**Task prompt:**
Transcribe each record exactly. Include every one.
++++ Data records
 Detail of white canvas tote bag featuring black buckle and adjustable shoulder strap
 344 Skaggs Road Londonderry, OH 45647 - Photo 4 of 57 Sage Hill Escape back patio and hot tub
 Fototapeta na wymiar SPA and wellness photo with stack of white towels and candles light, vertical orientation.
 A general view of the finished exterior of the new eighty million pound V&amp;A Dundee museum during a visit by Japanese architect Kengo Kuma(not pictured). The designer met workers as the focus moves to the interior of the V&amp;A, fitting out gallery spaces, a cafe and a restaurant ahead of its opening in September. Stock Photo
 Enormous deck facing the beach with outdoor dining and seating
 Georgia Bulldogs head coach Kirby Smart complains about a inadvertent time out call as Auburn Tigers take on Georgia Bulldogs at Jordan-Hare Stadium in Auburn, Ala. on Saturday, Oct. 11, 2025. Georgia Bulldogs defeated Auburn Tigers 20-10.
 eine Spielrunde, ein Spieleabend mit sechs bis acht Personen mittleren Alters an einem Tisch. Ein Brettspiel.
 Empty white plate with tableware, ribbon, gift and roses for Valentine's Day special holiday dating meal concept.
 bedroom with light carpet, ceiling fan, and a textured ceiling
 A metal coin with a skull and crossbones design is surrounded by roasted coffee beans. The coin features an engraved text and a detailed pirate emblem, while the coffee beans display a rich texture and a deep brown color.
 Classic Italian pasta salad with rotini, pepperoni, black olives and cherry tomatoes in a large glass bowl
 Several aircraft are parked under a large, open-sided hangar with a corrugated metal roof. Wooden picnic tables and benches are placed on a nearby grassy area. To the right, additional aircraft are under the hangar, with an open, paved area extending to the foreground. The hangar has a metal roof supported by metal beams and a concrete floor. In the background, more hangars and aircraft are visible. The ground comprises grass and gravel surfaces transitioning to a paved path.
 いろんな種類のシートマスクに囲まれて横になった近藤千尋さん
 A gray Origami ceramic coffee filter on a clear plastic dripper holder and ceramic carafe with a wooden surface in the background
++++++++
**Answer to this task:**
 Detail of white canvas tote bag featuring black buckle and adjustable shoulder strap
 344 Skaggs Road Londonderry, OH 45647 - Photo 4 of 57 Sage Hill Escape back patio and hot tub
 Fototapeta na wymiar SPA and wellness photo with stack of white towels and candles light, vertical orientation.
 A general view of the finished exterior of the new eighty million pound V&amp;A Dundee museum during a visit by Japanese architect Kengo Kuma(not pictured). The designer met workers as the focus moves to the interior of the V&amp;A, fitting out gallery spaces, a cafe and a restaurant ahead of its opening in September. Stock Photo
 Enormous deck facing the beach with outdoor dining and seating
 Georgia Bulldogs head coach Kirby Smart complains about a inadvertent time out call as Auburn Tigers take on Georgia Bulldogs at Jordan-Hare Stadium in Auburn, Ala. on Saturday, Oct. 11, 2025. Georgia Bulldogs defeated Auburn Tigers 20-10.
 eine Spielrunde, ein Spieleabend mit sechs bis acht Personen mittleren Alters an einem Tisch. Ein Brettspiel.
 Empty white plate with tableware, ribbon, gift and roses for Valentine's Day special holiday dating meal concept.
 bedroom with light carpet, ceiling fan, and a textured ceiling
 A metal coin with a skull and crossbones design is surrounded by roasted coffee beans. The coin features an engraved text and a detailed pirate emblem, while the coffee beans display a rich texture and a deep brown color.
 Classic Italian pasta salad with rotini, pepperoni, black olives and cherry tomatoes in a large glass bowl
 Several aircraft are parked under a large, open-sided hangar with a corrugated metal roof. Wooden picnic tables and benches are placed on a nearby grassy area. To the right, additional aircraft are under the hangar, with an open, paved area extending to the foreground. The hangar has a metal roof supported by metal beams and a concrete floor. In the background, more hangars and aircraft are visible. The ground comprises grass and gravel surfaces transitioning to a paved path.
 いろんな種類のシートマスクに囲まれて横になった近藤千尋さん
 A gray Origami ceramic coffee filter on a clear plastic dripper holder and ceramic carafe with a wooden surface in the background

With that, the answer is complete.